- Data for this task:
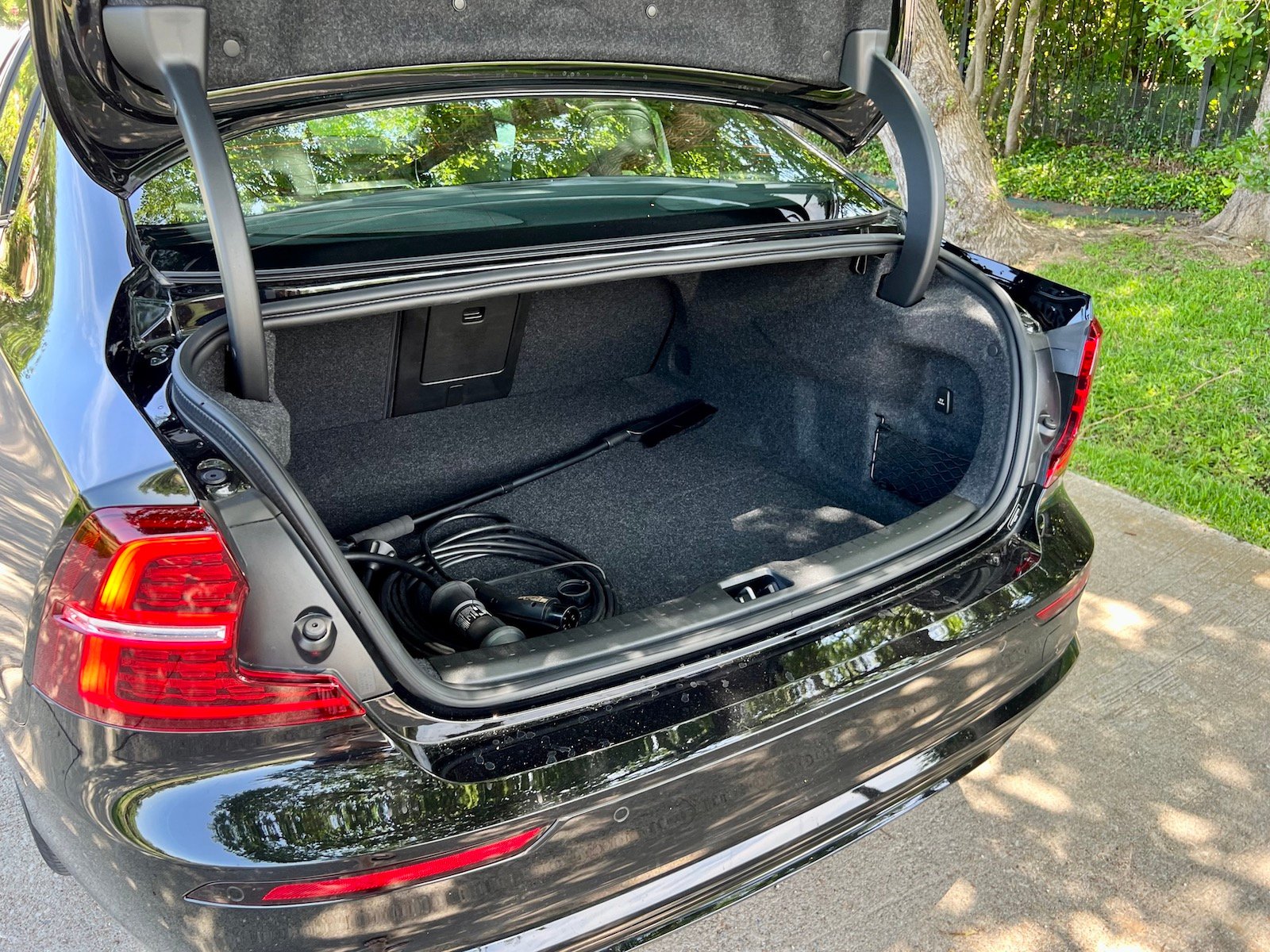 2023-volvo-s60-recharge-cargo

==

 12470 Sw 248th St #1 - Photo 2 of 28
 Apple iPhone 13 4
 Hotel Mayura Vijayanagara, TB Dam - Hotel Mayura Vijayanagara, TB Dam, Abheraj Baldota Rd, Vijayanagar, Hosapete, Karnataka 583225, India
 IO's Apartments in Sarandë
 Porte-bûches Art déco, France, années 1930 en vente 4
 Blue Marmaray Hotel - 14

...

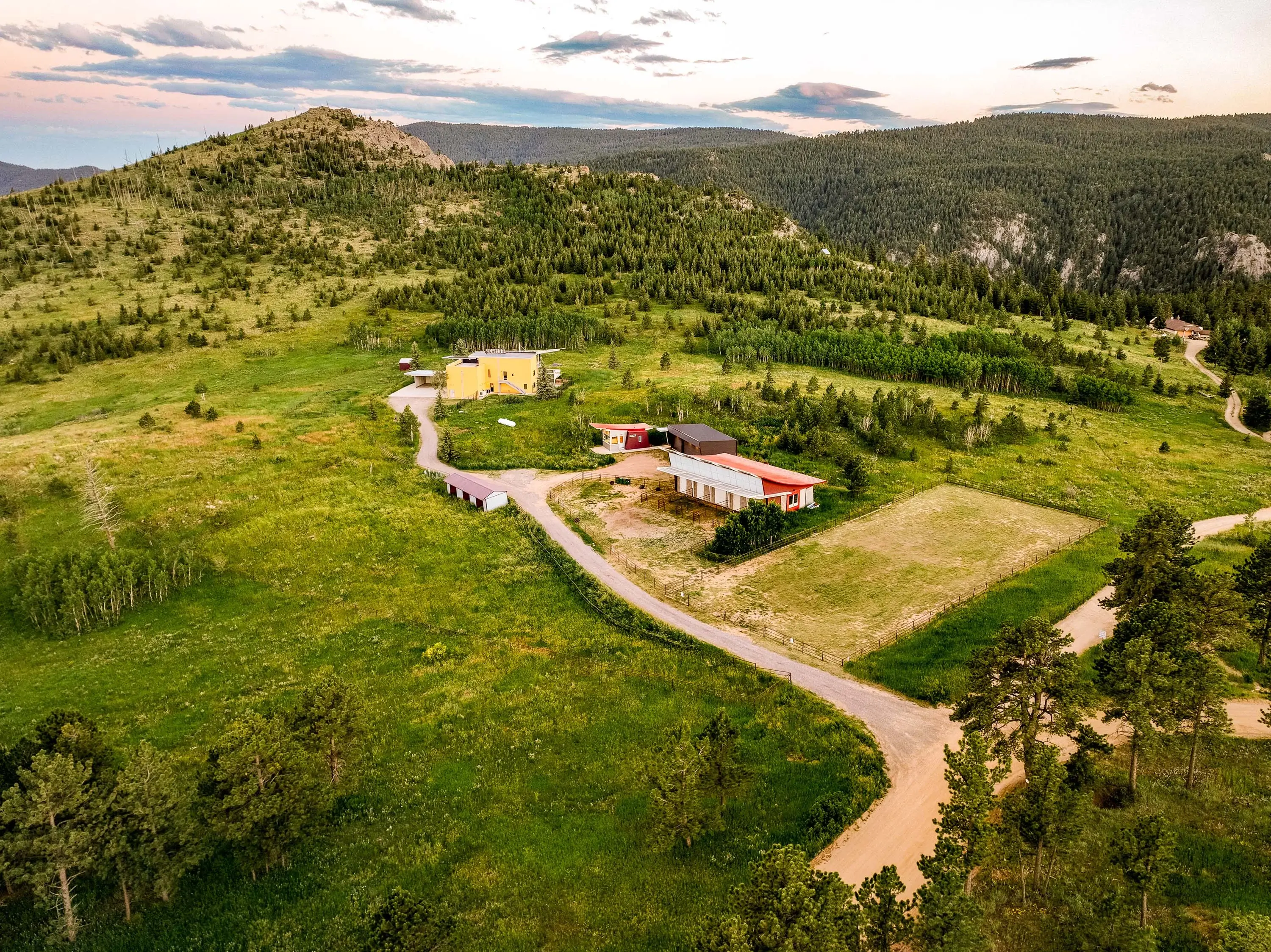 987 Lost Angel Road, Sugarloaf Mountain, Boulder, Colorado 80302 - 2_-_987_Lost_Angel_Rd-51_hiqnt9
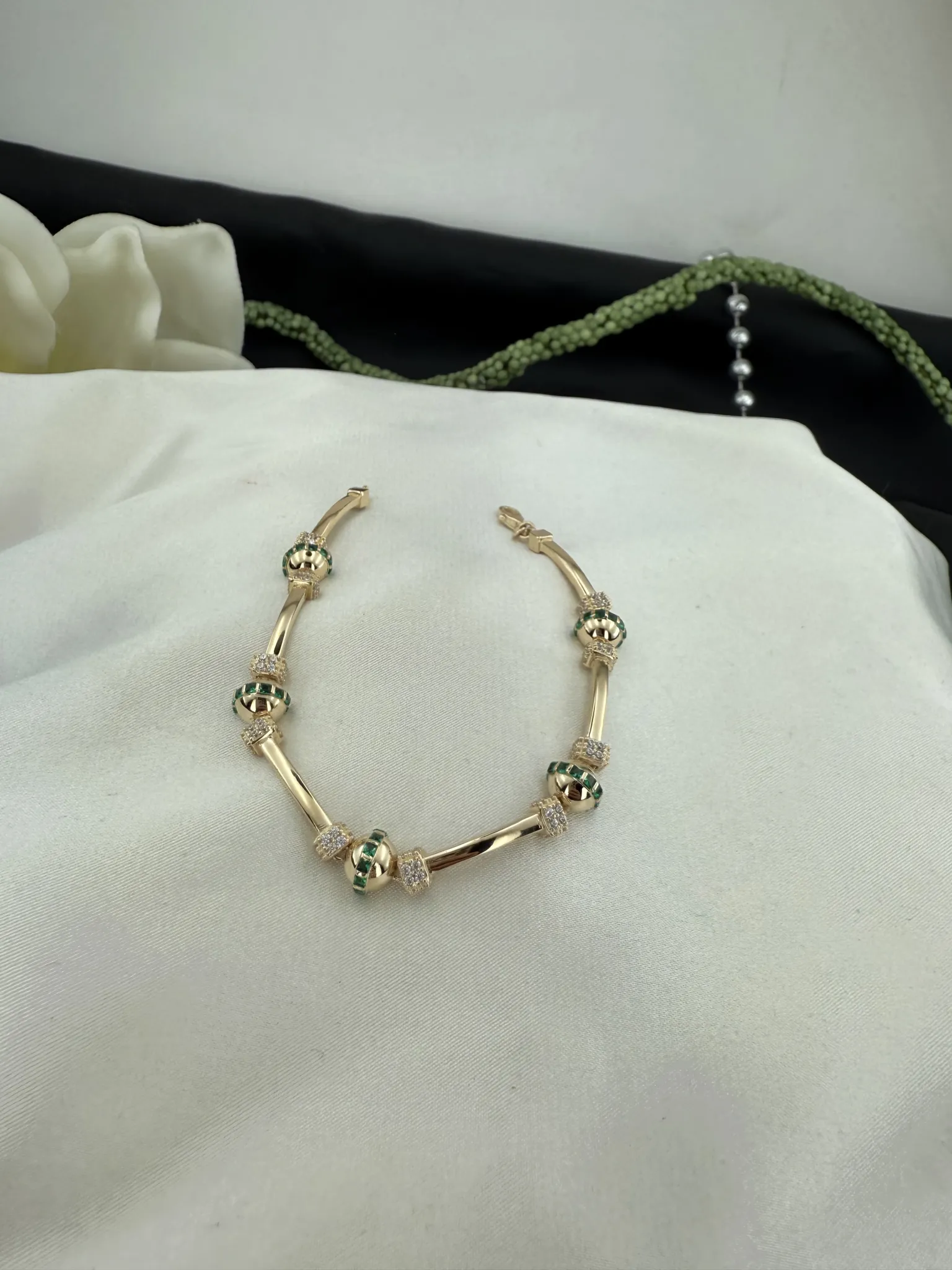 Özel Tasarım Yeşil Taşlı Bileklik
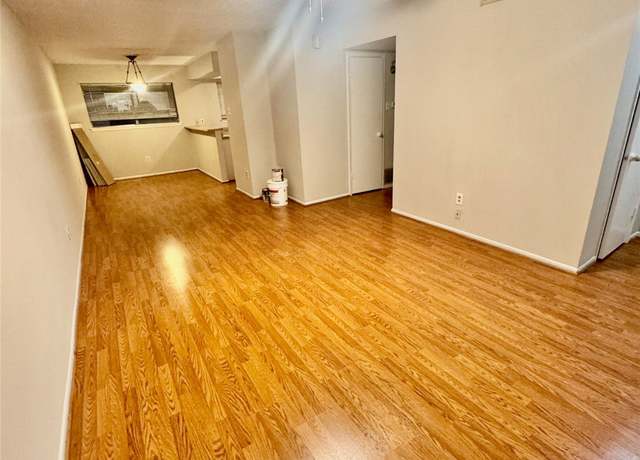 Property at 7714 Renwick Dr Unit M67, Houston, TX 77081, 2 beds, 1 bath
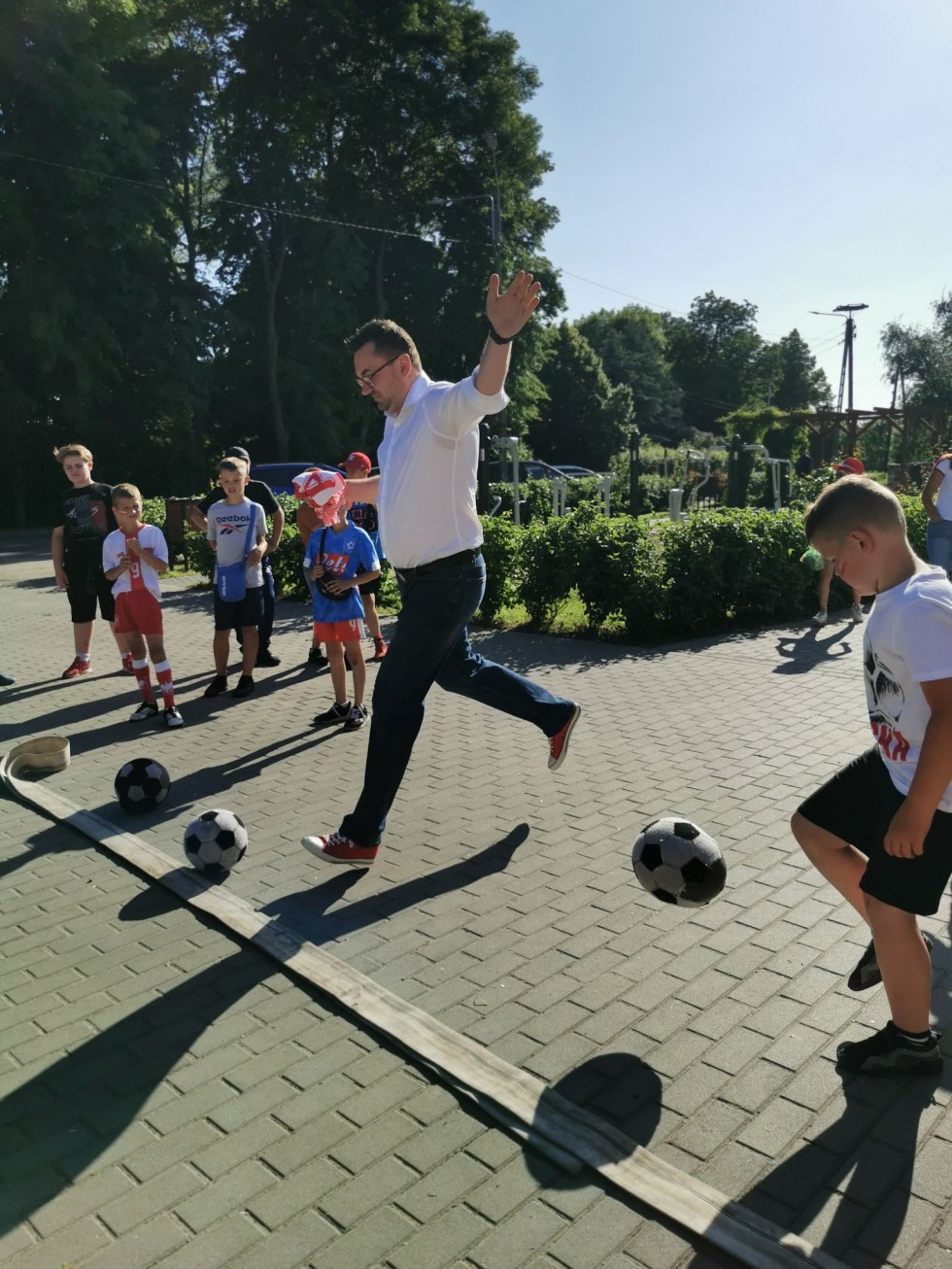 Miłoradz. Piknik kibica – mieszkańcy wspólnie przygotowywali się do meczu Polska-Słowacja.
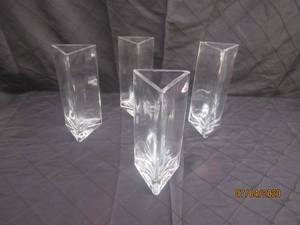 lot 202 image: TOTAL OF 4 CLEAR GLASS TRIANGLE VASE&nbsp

- Your assignment: Using the entries above, state how many lines contain the string "Hotel"; the number is all that is needed.

- Exercise solution: 2